▸ What is expected
Would you please transcribe, exactly as written, the lines of the entries below starting at the one that holds "High Productivity 5" and ending at the one that holds "230 E Ontario", both included?

▸ Records for this exercise
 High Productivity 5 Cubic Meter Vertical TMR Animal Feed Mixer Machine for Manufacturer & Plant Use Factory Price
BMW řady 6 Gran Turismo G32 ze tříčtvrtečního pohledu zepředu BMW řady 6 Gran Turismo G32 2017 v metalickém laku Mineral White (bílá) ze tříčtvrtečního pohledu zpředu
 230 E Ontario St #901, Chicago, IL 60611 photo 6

---

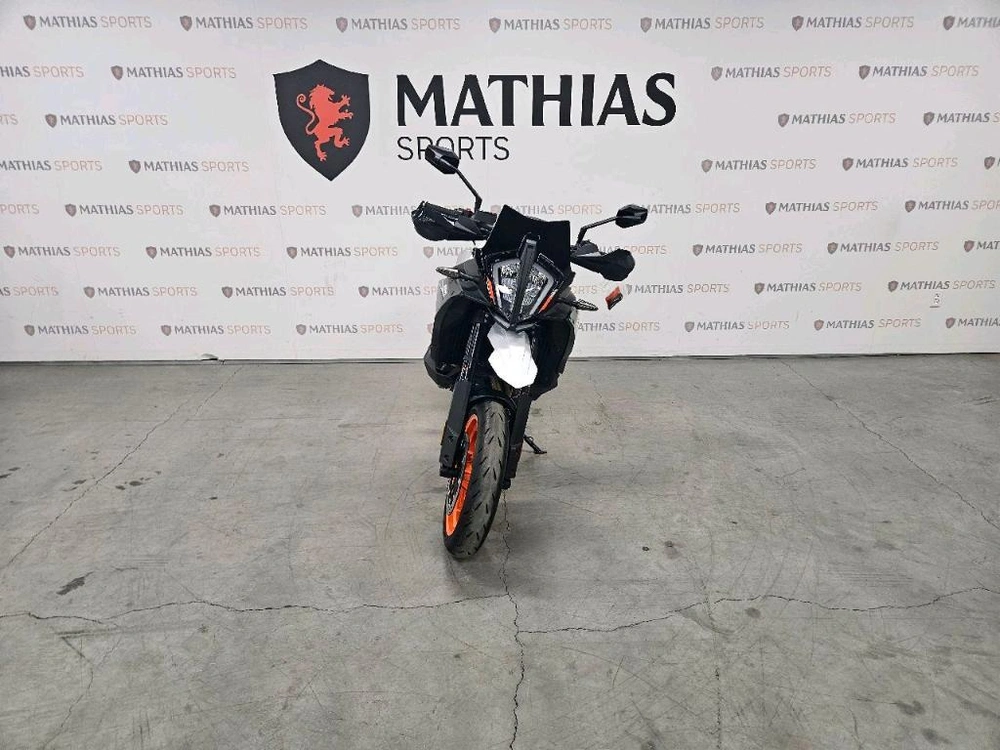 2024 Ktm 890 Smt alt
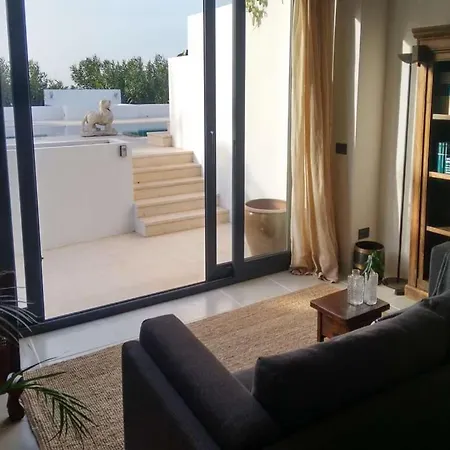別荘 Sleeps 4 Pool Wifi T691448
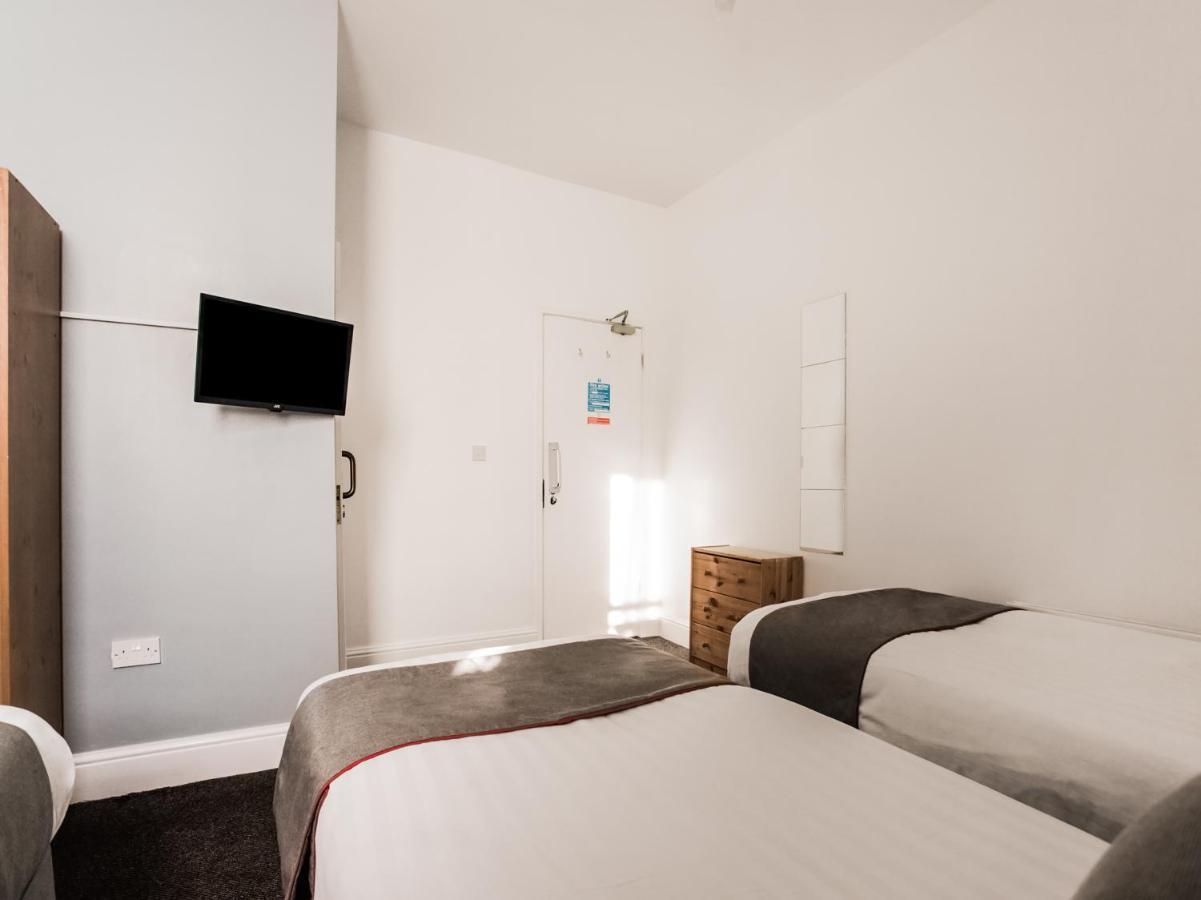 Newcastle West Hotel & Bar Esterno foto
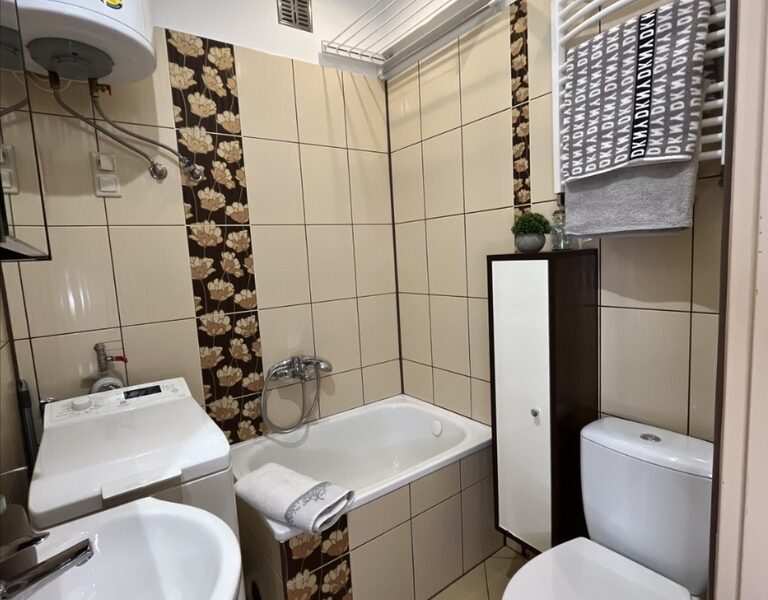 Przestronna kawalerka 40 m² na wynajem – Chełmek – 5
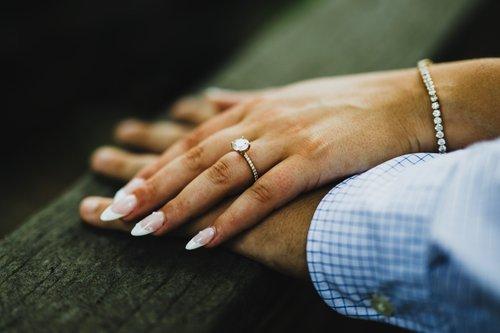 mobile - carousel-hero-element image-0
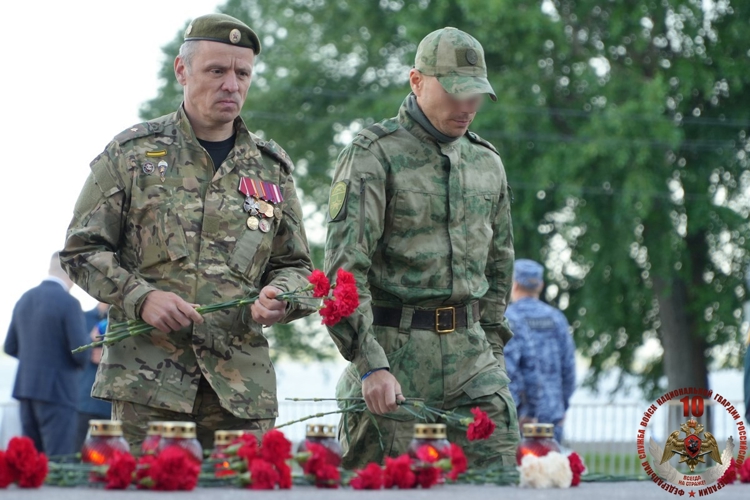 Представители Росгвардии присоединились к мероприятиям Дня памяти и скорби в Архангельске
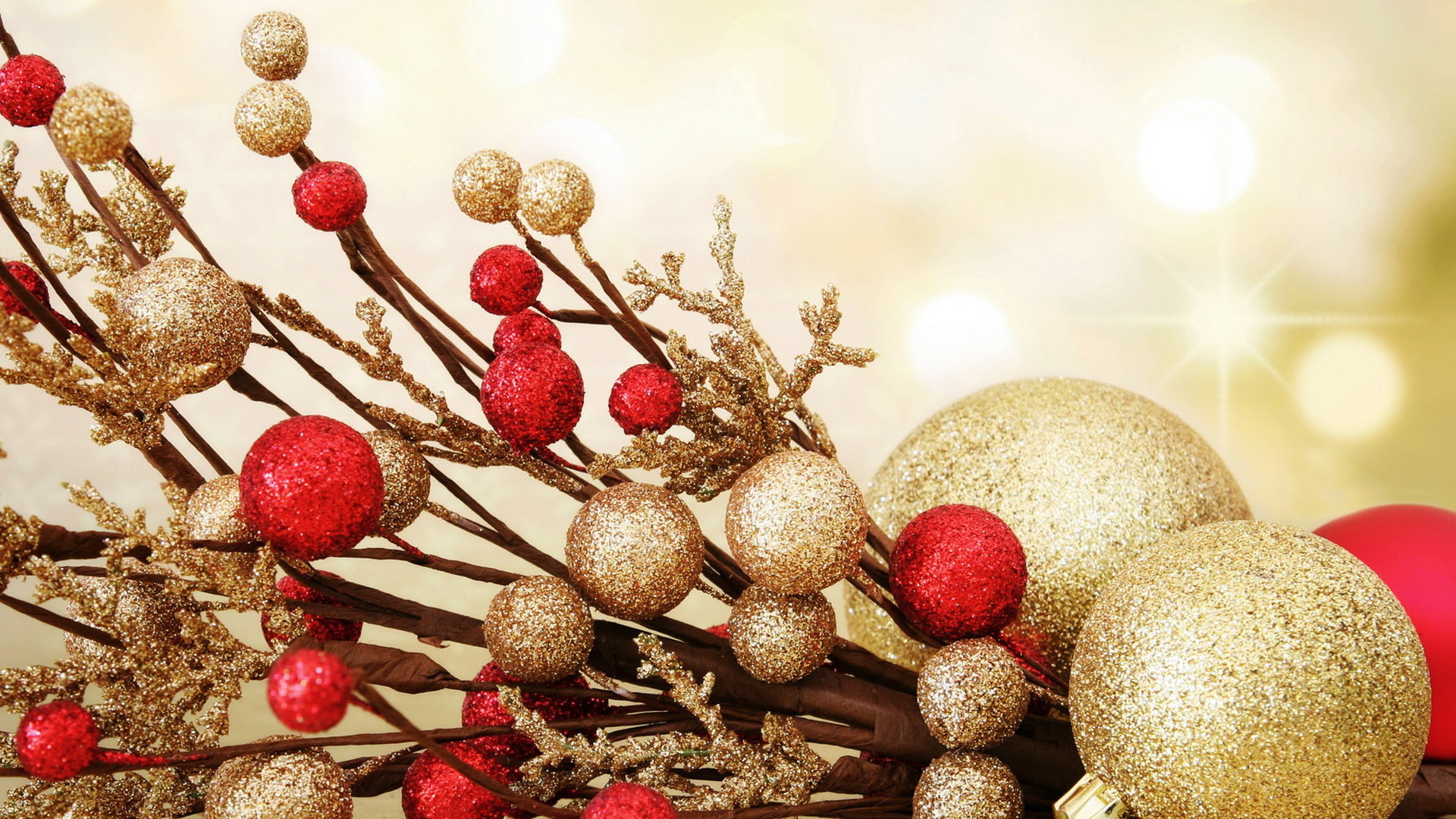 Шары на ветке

...

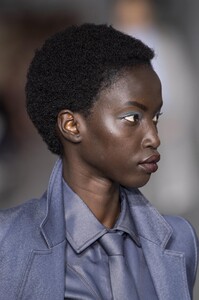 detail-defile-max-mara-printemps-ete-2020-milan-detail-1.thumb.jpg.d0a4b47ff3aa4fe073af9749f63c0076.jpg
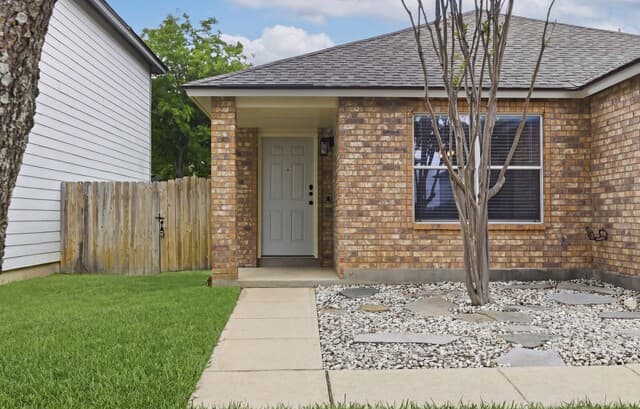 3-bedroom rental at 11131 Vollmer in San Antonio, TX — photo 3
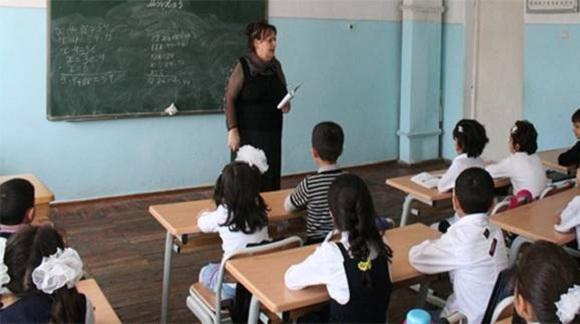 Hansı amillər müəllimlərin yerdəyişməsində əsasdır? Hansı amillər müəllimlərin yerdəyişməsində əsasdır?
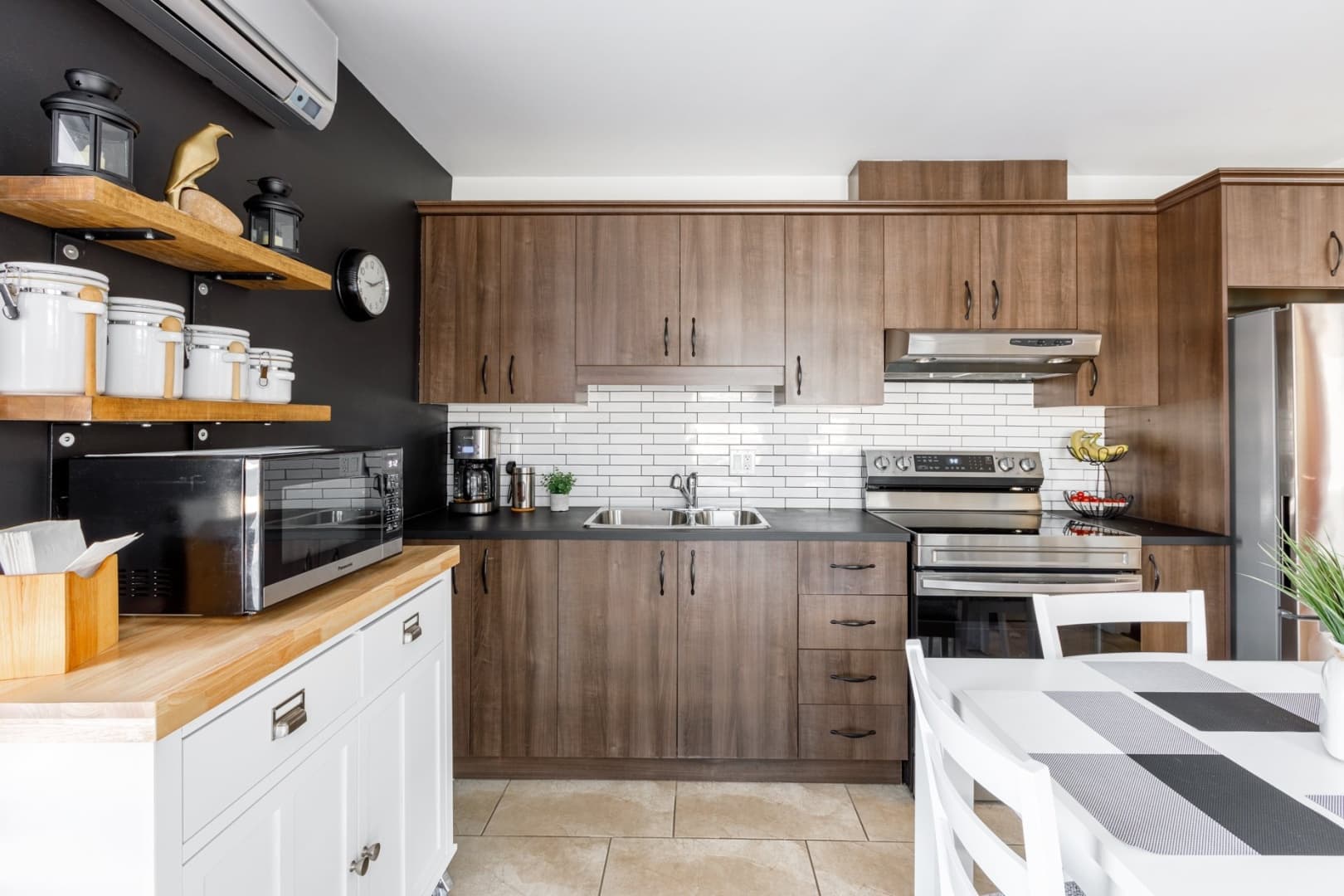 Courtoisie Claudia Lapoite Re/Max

▸ Result of this task
 High Productivity 5 Cubic Meter Vertical TMR Animal Feed Mixer Machine for Manufacturer & Plant Use Factory Price
BMW řady 6 Gran Turismo G32 ze tříčtvrtečního pohledu zepředu BMW řady 6 Gran Turismo G32 2017 v metalickém laku Mineral White (bílá) ze tříčtvrtečního pohledu zpředu
 230 E Ontario St #901, Chicago, IL 60611 photo 6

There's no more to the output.